Pyers explains, “The first-cohort signers find these [spatial awareness] tasks challenging because they do not have the language to encode the relevant aspects of the environment that would help them solve the spatial problem.” She added, “[They] did not have a consistent linguistic means to encode ‘left of’.”

This is a fascinating result, especially since the first group of adults were older and had been signing for a longer time. It’s clear evidence that our spatial reasoning skills depend, to an extent, on consistent spatial language. If we lack the right words, our mental abilities are limited in a way that extra life experience can’t fully compensate for. Even 30 years of navigating through the world won’t do the trick. . .

This is a subtly different idea than the one espoused by the Sapir-Whorf hypothesis, which suggests that different languages influence how speakers think about their world. By contrast, Pyers’ results focus “on those aspects of human cognition that are dependent on acquiring a language, any language”. She says that the room tasks tap into a set of mental skills that “crucially depends on language and that this relationship between language and spatial cognition should hold true for speakers of all languages”. . .

The grand idea behind all of these singular observations is that as human language evolved, our mental abilities became increasingly entwined with linguistic devices. Those devices are part and parcel of modern language, and thus modern thought. NSL, being a new language, is the exception that proves the rule – as it developed, so did the abilities of those who learned it, from their skills at visualising objects in space to their capacity for understanding the minds of their peers.

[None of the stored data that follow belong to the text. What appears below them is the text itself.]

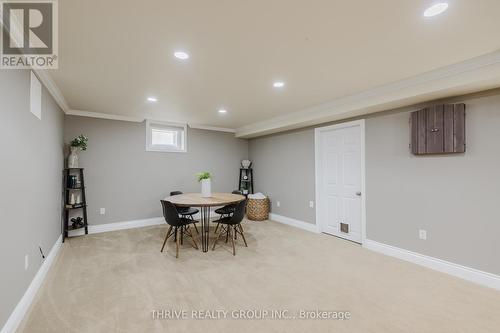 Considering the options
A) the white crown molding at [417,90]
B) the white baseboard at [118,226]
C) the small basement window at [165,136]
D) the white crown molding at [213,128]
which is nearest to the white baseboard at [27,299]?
the white baseboard at [118,226]

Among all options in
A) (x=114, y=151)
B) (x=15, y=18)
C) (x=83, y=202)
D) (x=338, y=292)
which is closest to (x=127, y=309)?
(x=338, y=292)

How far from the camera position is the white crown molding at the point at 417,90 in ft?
7.39

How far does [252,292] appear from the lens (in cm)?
Result: 235

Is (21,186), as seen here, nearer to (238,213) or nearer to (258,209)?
(238,213)

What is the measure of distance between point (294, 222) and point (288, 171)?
1.14 metres

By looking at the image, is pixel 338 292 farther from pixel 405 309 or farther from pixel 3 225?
pixel 3 225

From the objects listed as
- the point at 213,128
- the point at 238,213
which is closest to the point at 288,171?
the point at 238,213

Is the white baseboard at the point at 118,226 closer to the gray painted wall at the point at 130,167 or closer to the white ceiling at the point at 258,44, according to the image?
the gray painted wall at the point at 130,167

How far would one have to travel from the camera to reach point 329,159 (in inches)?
172

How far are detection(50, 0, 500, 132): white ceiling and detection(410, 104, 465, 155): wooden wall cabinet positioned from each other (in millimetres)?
583

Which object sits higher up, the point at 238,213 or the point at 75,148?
the point at 75,148

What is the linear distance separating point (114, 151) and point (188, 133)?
1.62 metres

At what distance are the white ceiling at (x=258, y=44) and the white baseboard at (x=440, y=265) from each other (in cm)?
230

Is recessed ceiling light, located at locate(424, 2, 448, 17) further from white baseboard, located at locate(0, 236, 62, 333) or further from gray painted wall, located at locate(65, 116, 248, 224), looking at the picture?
gray painted wall, located at locate(65, 116, 248, 224) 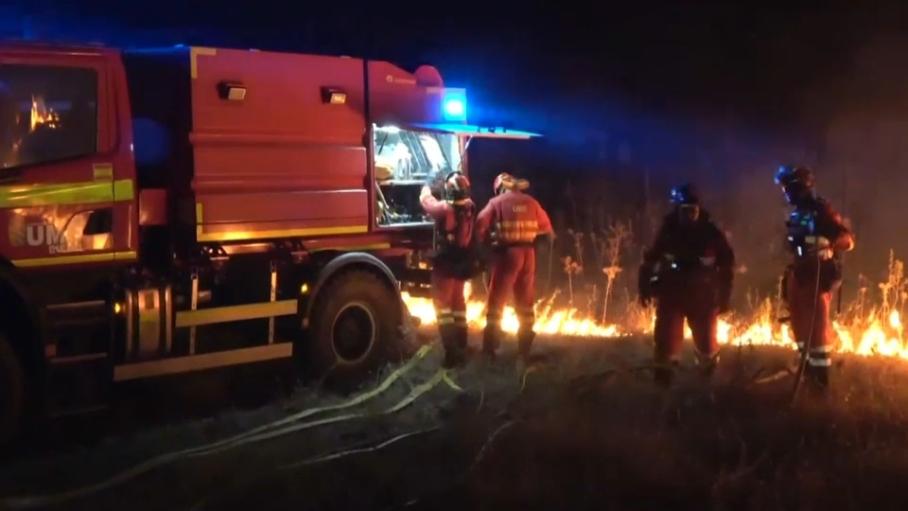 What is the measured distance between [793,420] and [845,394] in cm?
113

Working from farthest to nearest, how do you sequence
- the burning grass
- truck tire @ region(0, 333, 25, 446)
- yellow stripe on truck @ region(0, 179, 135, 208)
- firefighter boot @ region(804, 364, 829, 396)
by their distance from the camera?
the burning grass
firefighter boot @ region(804, 364, 829, 396)
yellow stripe on truck @ region(0, 179, 135, 208)
truck tire @ region(0, 333, 25, 446)

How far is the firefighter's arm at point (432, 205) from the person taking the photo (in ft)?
31.6

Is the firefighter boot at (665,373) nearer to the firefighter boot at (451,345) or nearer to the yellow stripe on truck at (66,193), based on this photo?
the firefighter boot at (451,345)

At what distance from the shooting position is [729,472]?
623 cm

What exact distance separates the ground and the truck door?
131 cm

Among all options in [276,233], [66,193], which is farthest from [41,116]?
[276,233]

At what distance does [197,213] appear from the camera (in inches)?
321

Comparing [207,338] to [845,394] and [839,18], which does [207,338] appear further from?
[839,18]

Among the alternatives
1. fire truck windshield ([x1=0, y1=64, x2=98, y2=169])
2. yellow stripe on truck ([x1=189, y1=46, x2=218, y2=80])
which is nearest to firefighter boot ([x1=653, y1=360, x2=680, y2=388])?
yellow stripe on truck ([x1=189, y1=46, x2=218, y2=80])

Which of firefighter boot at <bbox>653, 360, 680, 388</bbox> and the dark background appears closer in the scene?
firefighter boot at <bbox>653, 360, 680, 388</bbox>

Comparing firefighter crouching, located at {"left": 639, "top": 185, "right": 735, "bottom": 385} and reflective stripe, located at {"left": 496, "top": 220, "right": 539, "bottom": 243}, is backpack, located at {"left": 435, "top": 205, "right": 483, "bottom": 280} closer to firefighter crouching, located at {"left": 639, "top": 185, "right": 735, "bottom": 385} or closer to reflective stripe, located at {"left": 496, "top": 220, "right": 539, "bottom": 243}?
reflective stripe, located at {"left": 496, "top": 220, "right": 539, "bottom": 243}

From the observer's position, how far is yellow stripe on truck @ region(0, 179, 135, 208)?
7.06 m

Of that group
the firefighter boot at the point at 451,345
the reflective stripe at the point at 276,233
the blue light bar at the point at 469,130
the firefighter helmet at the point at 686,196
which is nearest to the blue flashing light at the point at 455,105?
the blue light bar at the point at 469,130

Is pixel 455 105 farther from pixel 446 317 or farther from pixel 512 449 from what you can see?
pixel 512 449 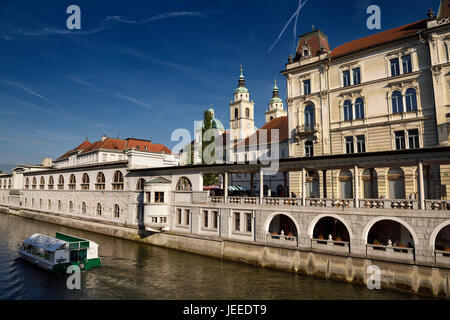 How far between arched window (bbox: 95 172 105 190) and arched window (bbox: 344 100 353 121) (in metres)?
37.3

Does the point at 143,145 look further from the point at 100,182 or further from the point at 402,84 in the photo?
the point at 402,84

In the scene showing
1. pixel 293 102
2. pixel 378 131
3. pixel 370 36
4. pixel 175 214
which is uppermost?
pixel 370 36

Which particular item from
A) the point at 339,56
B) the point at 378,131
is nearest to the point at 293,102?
the point at 339,56

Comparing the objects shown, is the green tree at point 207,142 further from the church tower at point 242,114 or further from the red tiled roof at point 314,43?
the church tower at point 242,114

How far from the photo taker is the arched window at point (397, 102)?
33.7 metres

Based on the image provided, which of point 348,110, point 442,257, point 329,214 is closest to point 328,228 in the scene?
point 329,214

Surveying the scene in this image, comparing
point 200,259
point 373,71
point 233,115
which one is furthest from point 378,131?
point 233,115

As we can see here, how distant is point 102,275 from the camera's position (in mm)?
24219

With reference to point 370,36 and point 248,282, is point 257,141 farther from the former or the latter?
point 248,282

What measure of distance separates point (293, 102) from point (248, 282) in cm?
2789

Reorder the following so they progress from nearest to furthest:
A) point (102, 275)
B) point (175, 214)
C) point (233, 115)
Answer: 1. point (102, 275)
2. point (175, 214)
3. point (233, 115)

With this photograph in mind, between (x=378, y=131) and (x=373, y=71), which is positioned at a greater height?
(x=373, y=71)

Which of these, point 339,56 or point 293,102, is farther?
point 293,102

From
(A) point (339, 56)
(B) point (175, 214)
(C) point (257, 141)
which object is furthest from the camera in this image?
(C) point (257, 141)
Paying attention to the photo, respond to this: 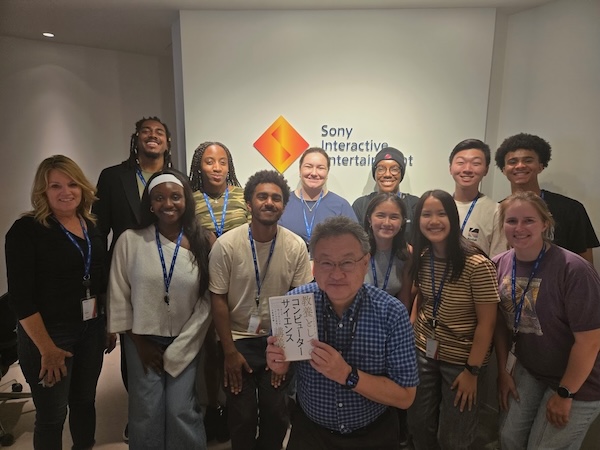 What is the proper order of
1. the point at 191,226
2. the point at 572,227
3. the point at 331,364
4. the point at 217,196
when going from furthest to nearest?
the point at 217,196, the point at 572,227, the point at 191,226, the point at 331,364

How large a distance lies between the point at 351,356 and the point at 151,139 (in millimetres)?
2065

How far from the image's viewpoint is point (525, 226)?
1.81 meters

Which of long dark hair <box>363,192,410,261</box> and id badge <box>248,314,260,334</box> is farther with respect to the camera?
long dark hair <box>363,192,410,261</box>

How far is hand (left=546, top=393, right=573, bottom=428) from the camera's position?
1.78 meters

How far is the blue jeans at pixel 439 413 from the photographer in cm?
201

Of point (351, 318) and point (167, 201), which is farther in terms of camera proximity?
point (167, 201)

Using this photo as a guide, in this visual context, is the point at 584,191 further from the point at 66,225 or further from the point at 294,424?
the point at 66,225

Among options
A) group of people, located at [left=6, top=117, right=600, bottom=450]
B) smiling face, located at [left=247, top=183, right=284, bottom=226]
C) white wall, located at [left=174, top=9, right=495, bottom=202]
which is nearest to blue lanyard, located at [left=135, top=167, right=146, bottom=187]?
group of people, located at [left=6, top=117, right=600, bottom=450]

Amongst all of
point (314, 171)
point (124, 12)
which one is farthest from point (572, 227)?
point (124, 12)

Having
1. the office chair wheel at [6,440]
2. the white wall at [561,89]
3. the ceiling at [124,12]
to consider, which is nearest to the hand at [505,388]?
the white wall at [561,89]

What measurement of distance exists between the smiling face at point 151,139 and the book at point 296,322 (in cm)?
179

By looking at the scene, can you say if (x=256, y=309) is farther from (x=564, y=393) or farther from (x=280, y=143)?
(x=280, y=143)

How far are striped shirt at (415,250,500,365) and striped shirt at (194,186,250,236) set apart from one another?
1.23m

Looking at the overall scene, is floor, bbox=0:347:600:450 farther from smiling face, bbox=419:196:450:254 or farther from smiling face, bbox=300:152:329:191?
smiling face, bbox=300:152:329:191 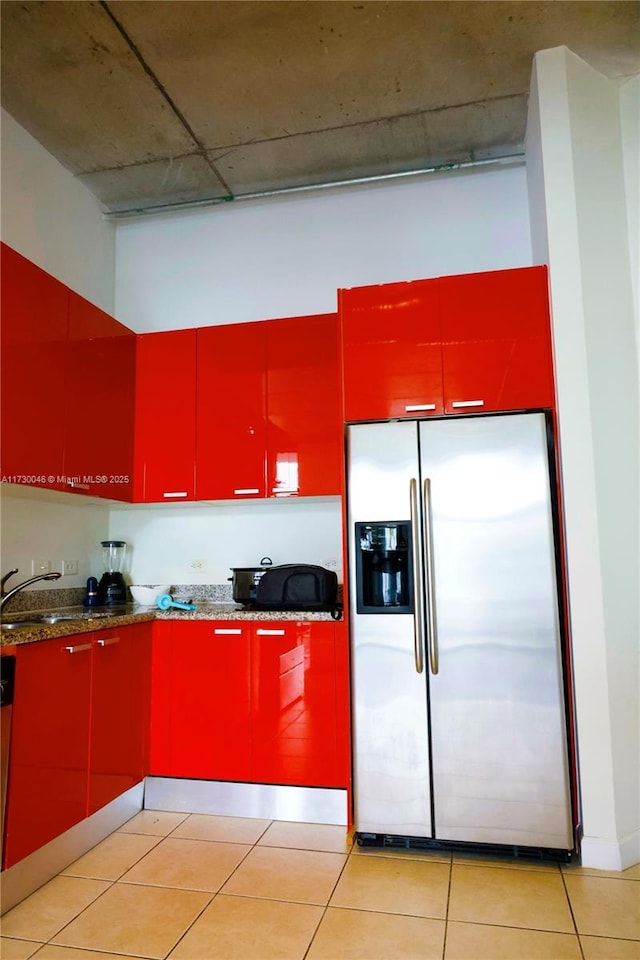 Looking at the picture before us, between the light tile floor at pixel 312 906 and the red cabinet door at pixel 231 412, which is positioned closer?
the light tile floor at pixel 312 906

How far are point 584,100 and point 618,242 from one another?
0.66 metres

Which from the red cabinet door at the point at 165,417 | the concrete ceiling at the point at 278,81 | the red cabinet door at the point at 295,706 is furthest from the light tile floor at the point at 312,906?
the concrete ceiling at the point at 278,81

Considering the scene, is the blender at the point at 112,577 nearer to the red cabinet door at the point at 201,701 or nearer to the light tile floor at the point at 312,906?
the red cabinet door at the point at 201,701

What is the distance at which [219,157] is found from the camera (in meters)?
3.41

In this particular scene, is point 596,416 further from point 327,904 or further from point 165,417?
point 165,417

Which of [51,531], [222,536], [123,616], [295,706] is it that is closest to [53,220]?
[51,531]

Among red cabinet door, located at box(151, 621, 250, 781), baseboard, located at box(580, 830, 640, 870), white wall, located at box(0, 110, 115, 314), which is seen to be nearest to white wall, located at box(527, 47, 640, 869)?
baseboard, located at box(580, 830, 640, 870)

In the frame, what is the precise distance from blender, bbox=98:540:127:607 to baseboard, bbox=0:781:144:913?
38.6 inches

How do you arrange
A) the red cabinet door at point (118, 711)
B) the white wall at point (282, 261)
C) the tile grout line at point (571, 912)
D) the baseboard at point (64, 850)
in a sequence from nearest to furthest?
1. the tile grout line at point (571, 912)
2. the baseboard at point (64, 850)
3. the red cabinet door at point (118, 711)
4. the white wall at point (282, 261)

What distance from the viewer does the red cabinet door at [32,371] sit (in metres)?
2.53

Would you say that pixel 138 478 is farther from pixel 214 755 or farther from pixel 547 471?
pixel 547 471

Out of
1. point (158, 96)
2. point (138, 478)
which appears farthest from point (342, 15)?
point (138, 478)

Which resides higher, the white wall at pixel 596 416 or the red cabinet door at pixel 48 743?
the white wall at pixel 596 416

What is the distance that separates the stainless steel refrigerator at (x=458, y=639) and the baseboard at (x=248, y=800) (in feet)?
0.87
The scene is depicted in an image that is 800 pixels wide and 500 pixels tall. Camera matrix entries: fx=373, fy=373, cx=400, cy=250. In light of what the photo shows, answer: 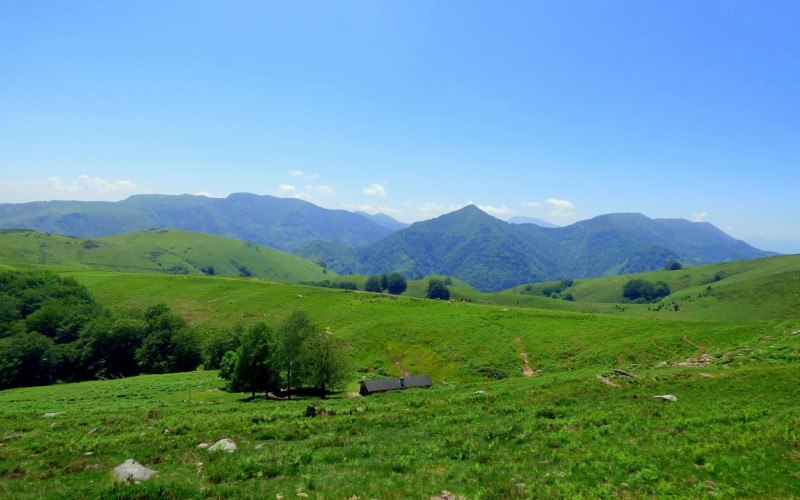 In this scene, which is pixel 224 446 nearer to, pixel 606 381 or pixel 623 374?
pixel 606 381

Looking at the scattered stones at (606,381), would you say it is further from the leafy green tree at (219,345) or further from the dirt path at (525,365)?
the leafy green tree at (219,345)

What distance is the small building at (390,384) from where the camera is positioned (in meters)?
53.6

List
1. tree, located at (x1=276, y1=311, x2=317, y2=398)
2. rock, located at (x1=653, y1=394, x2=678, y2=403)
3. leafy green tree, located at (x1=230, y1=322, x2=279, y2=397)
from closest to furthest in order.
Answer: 1. rock, located at (x1=653, y1=394, x2=678, y2=403)
2. leafy green tree, located at (x1=230, y1=322, x2=279, y2=397)
3. tree, located at (x1=276, y1=311, x2=317, y2=398)

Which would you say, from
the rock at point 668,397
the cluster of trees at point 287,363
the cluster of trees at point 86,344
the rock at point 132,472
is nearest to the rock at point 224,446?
the rock at point 132,472

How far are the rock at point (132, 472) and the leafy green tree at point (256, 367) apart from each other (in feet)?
118

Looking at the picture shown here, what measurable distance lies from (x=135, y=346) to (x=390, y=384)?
6995 centimetres

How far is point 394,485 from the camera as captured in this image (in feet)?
53.2

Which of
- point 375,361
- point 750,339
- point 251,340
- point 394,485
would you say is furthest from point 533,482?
point 750,339

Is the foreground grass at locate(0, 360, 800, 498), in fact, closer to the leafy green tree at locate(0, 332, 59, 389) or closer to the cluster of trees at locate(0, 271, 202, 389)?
the cluster of trees at locate(0, 271, 202, 389)

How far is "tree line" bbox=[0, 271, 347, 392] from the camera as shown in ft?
185

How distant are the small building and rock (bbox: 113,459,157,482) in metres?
35.4

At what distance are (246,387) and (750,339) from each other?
80.5 meters

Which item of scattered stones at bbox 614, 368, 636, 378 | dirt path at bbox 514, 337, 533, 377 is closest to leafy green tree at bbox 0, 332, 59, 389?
dirt path at bbox 514, 337, 533, 377

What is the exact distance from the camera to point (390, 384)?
55.1 meters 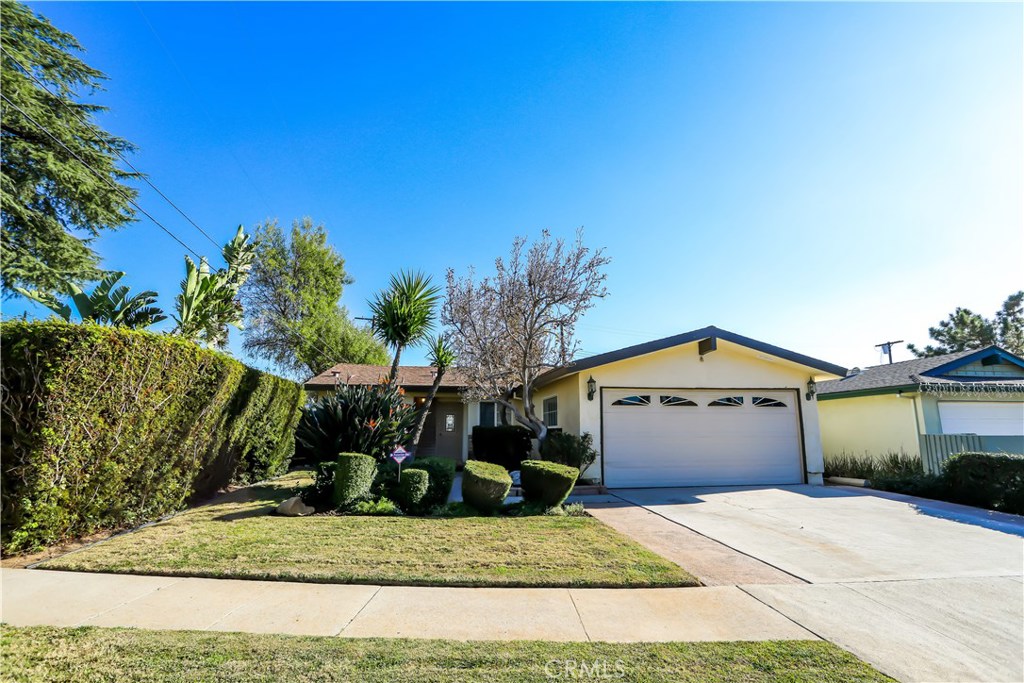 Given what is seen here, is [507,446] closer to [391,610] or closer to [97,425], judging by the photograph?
[97,425]

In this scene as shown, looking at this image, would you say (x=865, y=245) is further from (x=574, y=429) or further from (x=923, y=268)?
(x=574, y=429)

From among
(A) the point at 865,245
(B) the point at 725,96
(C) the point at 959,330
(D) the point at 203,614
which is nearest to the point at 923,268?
(A) the point at 865,245

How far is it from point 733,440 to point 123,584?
472 inches

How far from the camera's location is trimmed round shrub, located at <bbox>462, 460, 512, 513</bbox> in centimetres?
773

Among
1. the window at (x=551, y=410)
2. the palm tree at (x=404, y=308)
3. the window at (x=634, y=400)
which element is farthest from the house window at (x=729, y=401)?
the palm tree at (x=404, y=308)

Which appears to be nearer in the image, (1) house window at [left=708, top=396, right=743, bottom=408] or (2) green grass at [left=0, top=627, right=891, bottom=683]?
(2) green grass at [left=0, top=627, right=891, bottom=683]

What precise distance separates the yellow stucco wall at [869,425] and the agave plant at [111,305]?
19.0 metres

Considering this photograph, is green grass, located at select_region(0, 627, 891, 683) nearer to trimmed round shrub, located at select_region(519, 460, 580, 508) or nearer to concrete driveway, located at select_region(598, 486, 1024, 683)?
concrete driveway, located at select_region(598, 486, 1024, 683)

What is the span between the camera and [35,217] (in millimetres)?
12000

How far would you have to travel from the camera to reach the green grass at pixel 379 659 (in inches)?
108

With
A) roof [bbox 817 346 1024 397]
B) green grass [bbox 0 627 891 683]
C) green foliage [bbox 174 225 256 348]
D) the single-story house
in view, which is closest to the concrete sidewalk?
green grass [bbox 0 627 891 683]

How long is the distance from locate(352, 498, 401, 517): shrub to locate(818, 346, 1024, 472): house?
1166 centimetres

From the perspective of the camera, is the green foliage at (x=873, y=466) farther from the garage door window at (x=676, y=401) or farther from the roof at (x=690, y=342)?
the garage door window at (x=676, y=401)

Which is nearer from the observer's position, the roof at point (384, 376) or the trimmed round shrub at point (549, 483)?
the trimmed round shrub at point (549, 483) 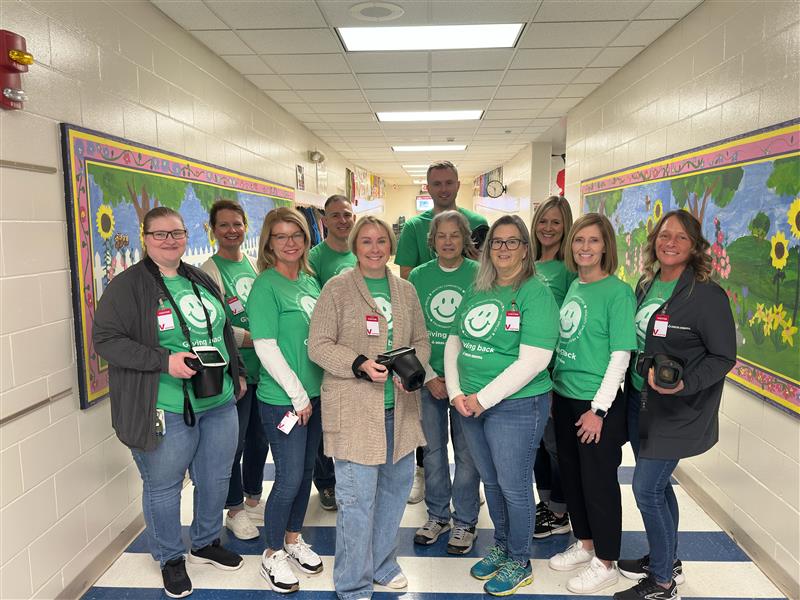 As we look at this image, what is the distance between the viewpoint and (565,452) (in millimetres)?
2330

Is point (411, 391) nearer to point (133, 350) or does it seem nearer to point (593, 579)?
point (133, 350)

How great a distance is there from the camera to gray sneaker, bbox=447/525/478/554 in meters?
2.59

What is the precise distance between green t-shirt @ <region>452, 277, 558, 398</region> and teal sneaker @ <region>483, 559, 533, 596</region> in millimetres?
776

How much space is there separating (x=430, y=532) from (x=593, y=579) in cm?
76

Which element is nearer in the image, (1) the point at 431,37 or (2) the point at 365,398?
(2) the point at 365,398

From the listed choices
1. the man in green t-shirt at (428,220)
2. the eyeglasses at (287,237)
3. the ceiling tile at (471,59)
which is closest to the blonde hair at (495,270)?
the eyeglasses at (287,237)

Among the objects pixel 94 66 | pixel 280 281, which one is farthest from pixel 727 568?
pixel 94 66

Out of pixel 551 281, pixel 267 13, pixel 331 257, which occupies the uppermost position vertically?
pixel 267 13

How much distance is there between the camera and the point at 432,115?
6.46 metres

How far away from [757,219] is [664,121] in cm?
139

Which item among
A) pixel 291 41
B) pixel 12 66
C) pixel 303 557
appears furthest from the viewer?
pixel 291 41

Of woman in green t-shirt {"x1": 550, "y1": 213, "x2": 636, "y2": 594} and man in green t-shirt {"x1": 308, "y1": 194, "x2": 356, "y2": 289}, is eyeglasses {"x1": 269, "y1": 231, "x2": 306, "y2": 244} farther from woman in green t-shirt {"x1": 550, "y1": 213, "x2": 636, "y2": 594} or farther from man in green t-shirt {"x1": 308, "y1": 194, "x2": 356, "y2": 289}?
woman in green t-shirt {"x1": 550, "y1": 213, "x2": 636, "y2": 594}

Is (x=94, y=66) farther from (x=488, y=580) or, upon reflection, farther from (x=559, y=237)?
(x=488, y=580)

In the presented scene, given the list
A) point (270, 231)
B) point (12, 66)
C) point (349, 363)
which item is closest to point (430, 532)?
point (349, 363) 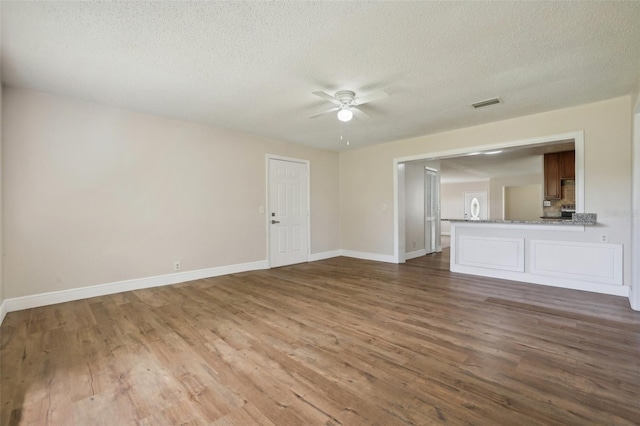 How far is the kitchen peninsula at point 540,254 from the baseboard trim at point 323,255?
8.89ft

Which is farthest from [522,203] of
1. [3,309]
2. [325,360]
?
[3,309]

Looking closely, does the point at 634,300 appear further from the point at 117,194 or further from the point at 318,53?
the point at 117,194

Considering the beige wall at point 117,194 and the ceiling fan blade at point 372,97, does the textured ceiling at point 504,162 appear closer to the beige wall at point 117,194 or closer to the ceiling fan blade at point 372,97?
the ceiling fan blade at point 372,97

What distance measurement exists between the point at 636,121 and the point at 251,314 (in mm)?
4952

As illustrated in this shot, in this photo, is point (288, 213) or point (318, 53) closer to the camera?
point (318, 53)

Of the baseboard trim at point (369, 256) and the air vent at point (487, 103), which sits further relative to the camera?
the baseboard trim at point (369, 256)

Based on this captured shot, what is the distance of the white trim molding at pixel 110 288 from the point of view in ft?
10.8

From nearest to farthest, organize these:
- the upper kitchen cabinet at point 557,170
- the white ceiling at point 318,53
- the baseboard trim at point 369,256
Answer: the white ceiling at point 318,53 → the upper kitchen cabinet at point 557,170 → the baseboard trim at point 369,256

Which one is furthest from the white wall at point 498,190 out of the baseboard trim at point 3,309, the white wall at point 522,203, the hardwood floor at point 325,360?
the baseboard trim at point 3,309

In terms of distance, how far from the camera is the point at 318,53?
2570mm

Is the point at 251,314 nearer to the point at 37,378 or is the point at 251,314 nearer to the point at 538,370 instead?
Answer: the point at 37,378

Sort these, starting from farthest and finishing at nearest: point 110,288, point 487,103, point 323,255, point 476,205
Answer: point 476,205 < point 323,255 < point 110,288 < point 487,103

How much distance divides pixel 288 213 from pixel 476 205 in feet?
31.1

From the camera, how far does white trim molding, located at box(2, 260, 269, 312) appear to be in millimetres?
3297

If you get a chance, I heartily recommend Oliver Sacks’ Seeing Voices, which made me cry. A voice is a terrible thing to be deprived of.

Update!

Language Log cover the story in some detail, adding helpfully:

. . . let’s not get carried away about the positive impact of “useful words”, the negative impact of “vacuous/fallacious words”, or any of the other common pop misintrerpretations of Sapir-Whorf.  The relationship between language and thought, here and in general, is more subtle and complex than that.